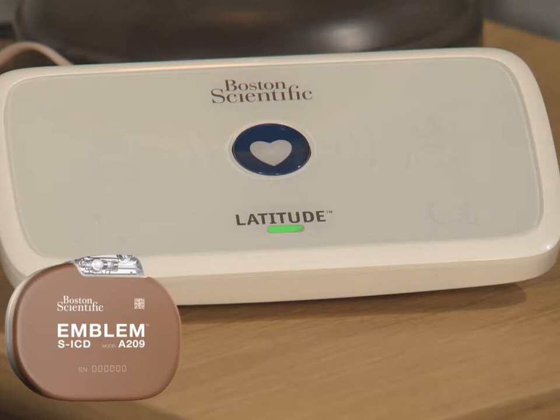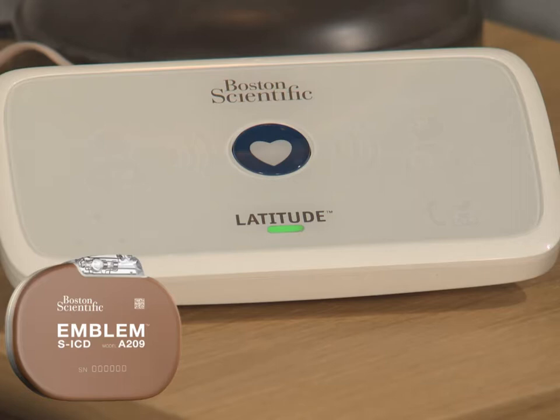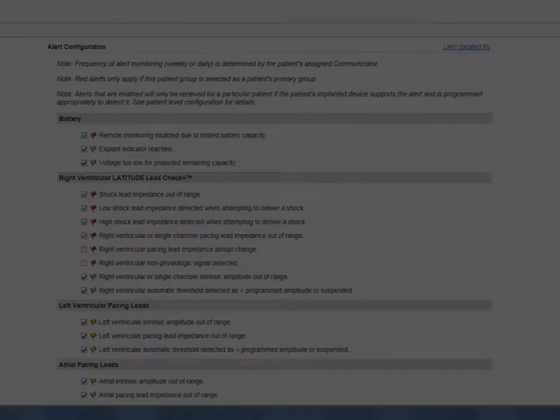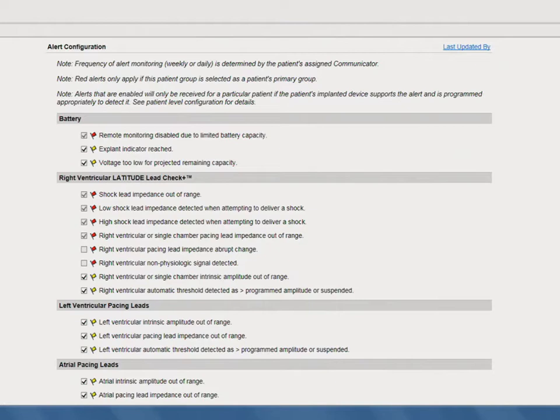These patients are prompted to complete these checks by a white flashing heart. To complete the alert check, patients simply press and release the flashing heart button and remain near the communicator until it is complete. Red alerts are generated based on implanted device conditions that could potentially leave your patient without available device therapy.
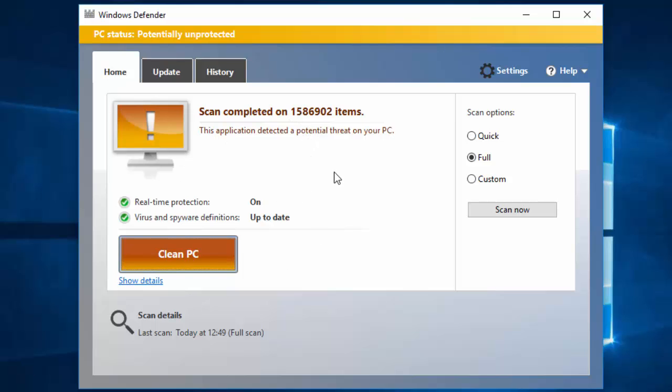So guys, like this way we can remove viruses and malware from our computer. I hope you enjoyed this video, so don't forget to like this video and subscribe to our channel. Thank you guys for watching.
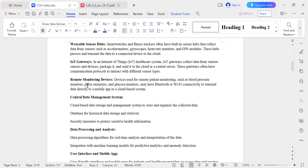Remote monitoring devices are used to monitor patients in remote locations. Devices such as blood pressure monitors, pulse oximeters, and glucose monitors have built-in Bluetooth or Wi-Fi connectivity to transmit data to a mobile app or central station.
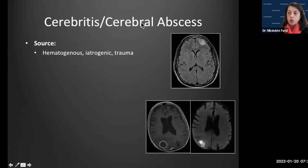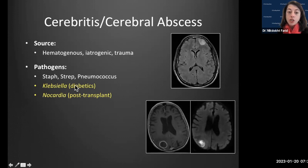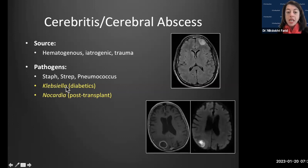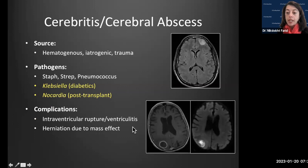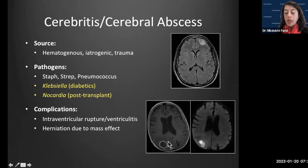Cerebritis and cerebral abscess exist on a spectrum, usually from hematogenous spread, but also iatrogenically from instrumentation or penetrating trauma. Notable pathogens: Klebsiella is more common in diabetics, and Nocardia in post-transplant patients. Our role is to look for complications: if an abscess ruptures into the ventricles, the patient is at risk for ventriculitis.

§ Activity
Return all the data above as written, leaving out only the pictures.

§ Answer box
These patients are prompted to complete these checks by a white flashing heart. To complete the alert check, patients simply press and release the flashing heart button and remain near the communicator until it is complete. Red alerts are generated based on implanted device conditions that could potentially leave your patient without available device therapy.
So guys, like this way we can remove viruses and malware from our computer. I hope you enjoyed this video, so don't forget to like this video and subscribe to our channel. Thank you guys for watching.
Remote monitoring devices are used to monitor patients in remote locations. Devices such as blood pressure monitors, pulse oximeters, and glucose monitors have built-in Bluetooth or Wi-Fi connectivity to transmit data to a mobile app or central station.
Cerebritis and cerebral abscess exist on a spectrum, usually from hematogenous spread, but also iatrogenically from instrumentation or penetrating trauma. Notable pathogens: Klebsiella is more common in diabetics, and Nocardia in post-transplant patients. Our role is to look for complications: if an abscess ruptures into the ventricles, the patient is at risk for ventriculitis.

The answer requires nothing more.